ASA Connect

 View Only
  • 1.  Big Data Software

    Posted 03-05-2016 00:49

    Hi,

    I am going to collect data about use of simulations in physics education. This a big data. How can I handle this data using a software? Please inform me if you are familiar with a software that could use to handle big data?

    ------------------------------
    Muhammad Riaz
    Doctoral Student
    Dowling College
    ------------------------------


  • 2.  RE: Big Data Software

    Posted 03-05-2016 11:36

    If you are going to process a lot of data, you need a program that uses parallel processing and updated/upgraded BLAS and LAPACK. If you need to collect and store this data, you will need to use some type of Hadoop based system.  

    ------------------------------
    Andrew Ekstrom

    Statistician, Chemist, HPC Abuser;-)



  • 3.  RE: Big Data Software

    Posted 03-07-2016 12:39
    In general, you probably don't need Big Data unless you are looking for tiny niches of importance (<1%).

    For any analytics of the group being analyzed you can typically take a reasonable random sample and analyze it with any common S/W package. For most purposes, a sample of 10K-100K is more than adequate and certainly easily handled by most packages.
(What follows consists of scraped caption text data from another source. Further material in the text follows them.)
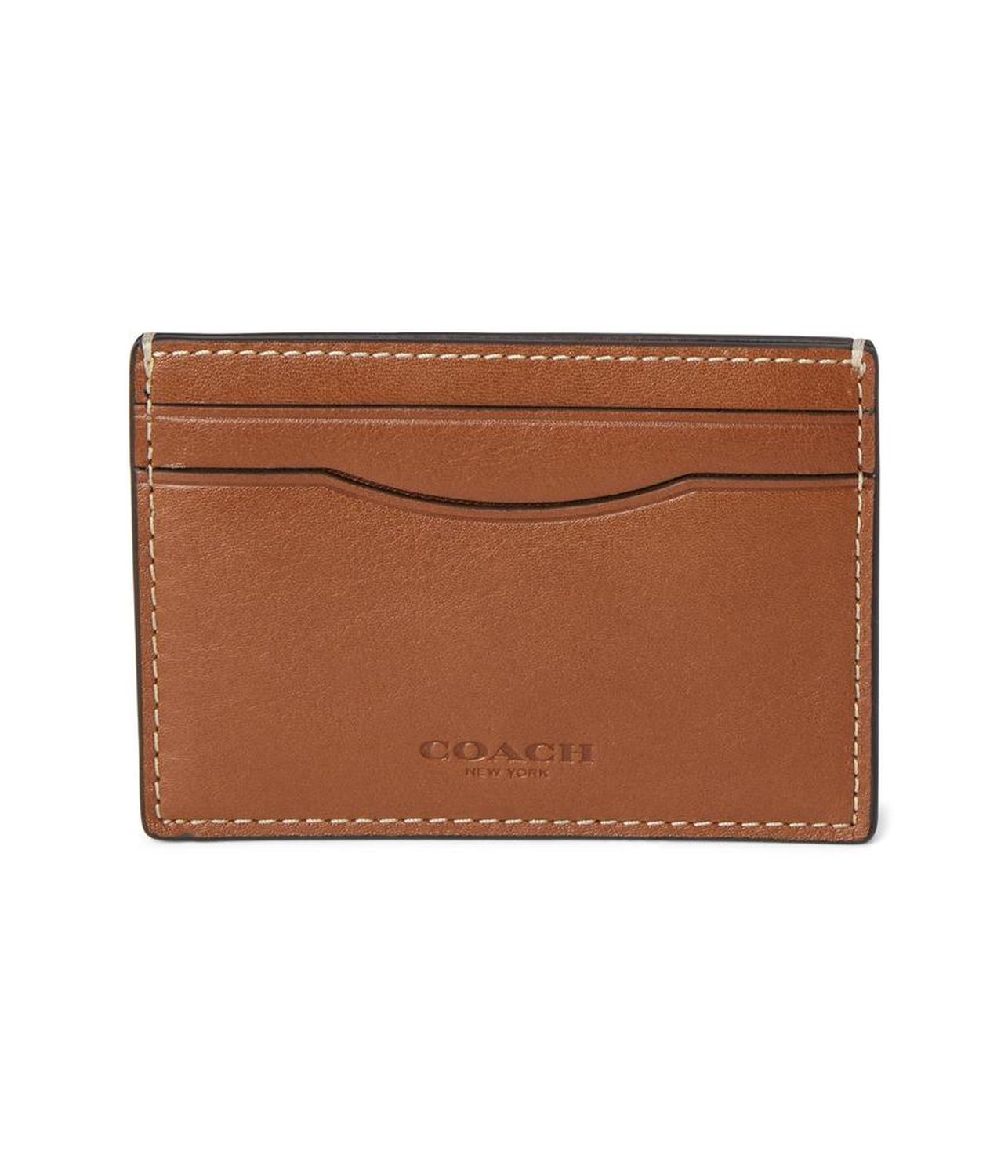 Money Clip Card Case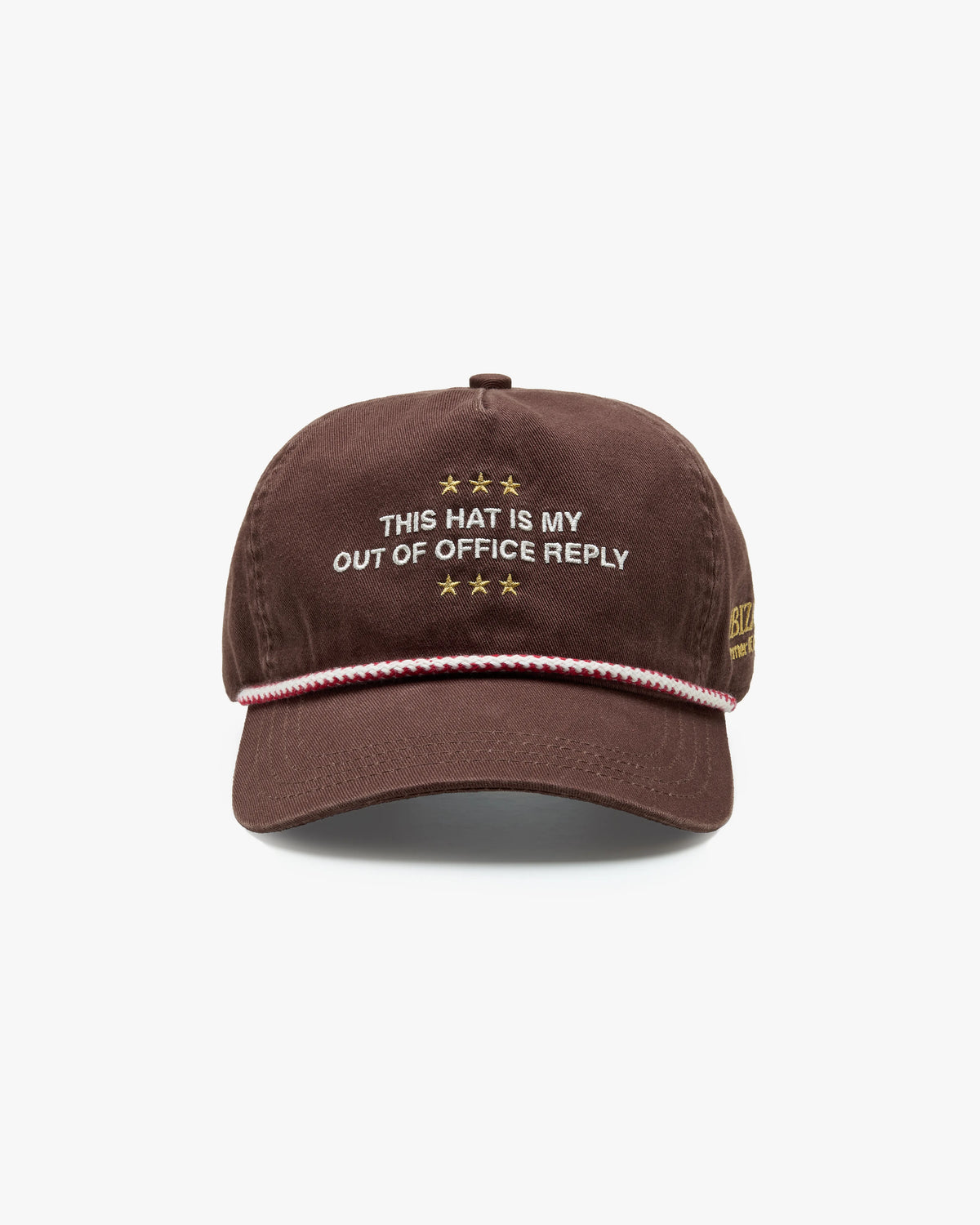 Mansion Cap Brown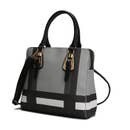 MKF Collection Beverly Plaid Shoulder Handbag By Mia K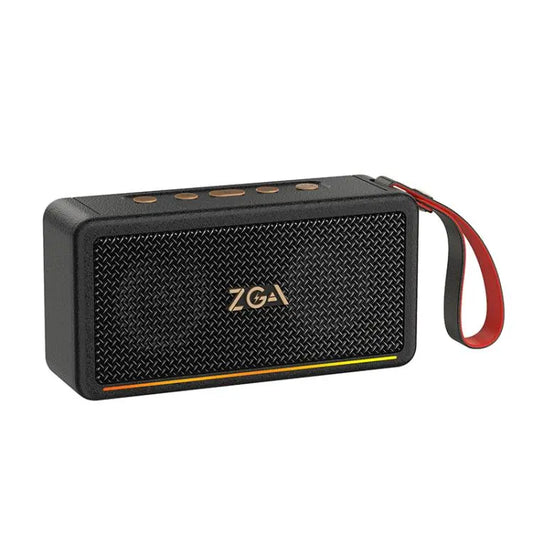 PZ009 PLUS Portable Retro Wireless Bluetooth Speaker  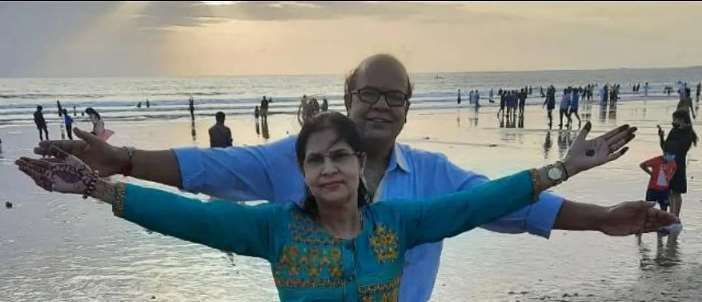 Parents of Parree Pande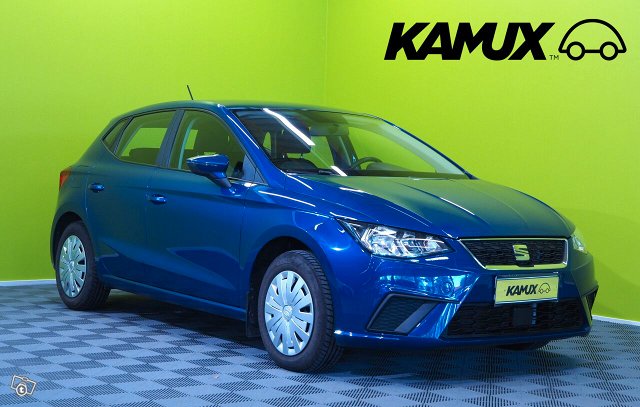 Seat Ibiza, kuva 1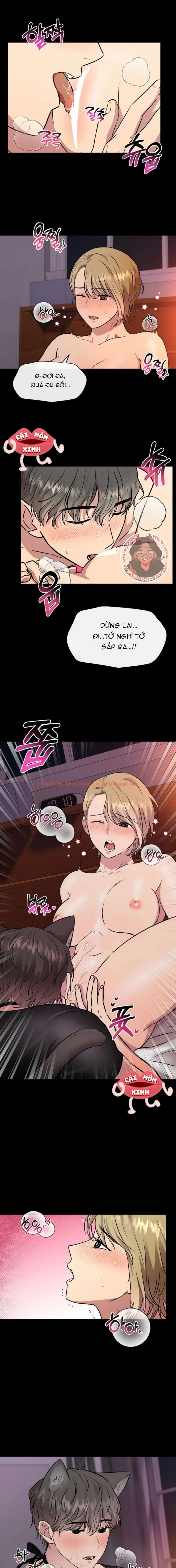 Xem ảnh 5 trong truyện hentai Twenty Nights - Chapter 3 - hentaitvn.net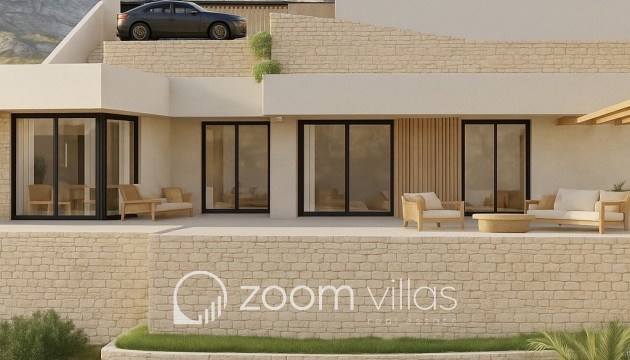 Wiederverkauf - Villa - Pedreguer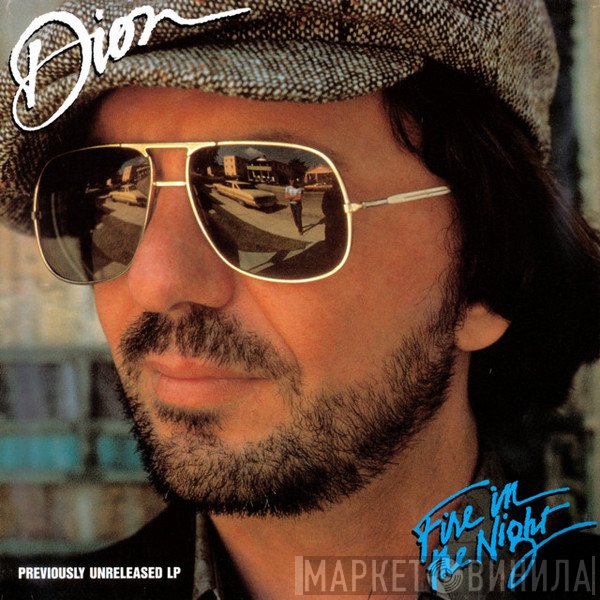 Dion   - Fire In The Night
    In fact, Big Data can often result in deceiving results. Showing significant relationships when there are none due to the large sample size. This is also true with smaller samples, say 100K. The key when looking at results from large samples is to look at not only the statistical significance of the results, but whether the results are meaningful.

    For example, a simple t-test may show a significant difference of <.001 but the actual difference may be very small. Consultation with SME's (Subject Matter Experts) are helpful in this regard.

    Michael L. Mout, MS, Cstat, Csci
    MIKS & Assoc. - Senior Consultant/Owner
    4957 Gray Goose Ln, Ladson, SC 29456
    804-314-5147(Mbl), 843-871-3039 (Home)





  • 4.  RE: Big Data Software

    Posted 03-08-2016 02:29

    Generally what happens with a simulation, you run a simple program and it generates thousands of data points. You keep those data points until you have time to process them.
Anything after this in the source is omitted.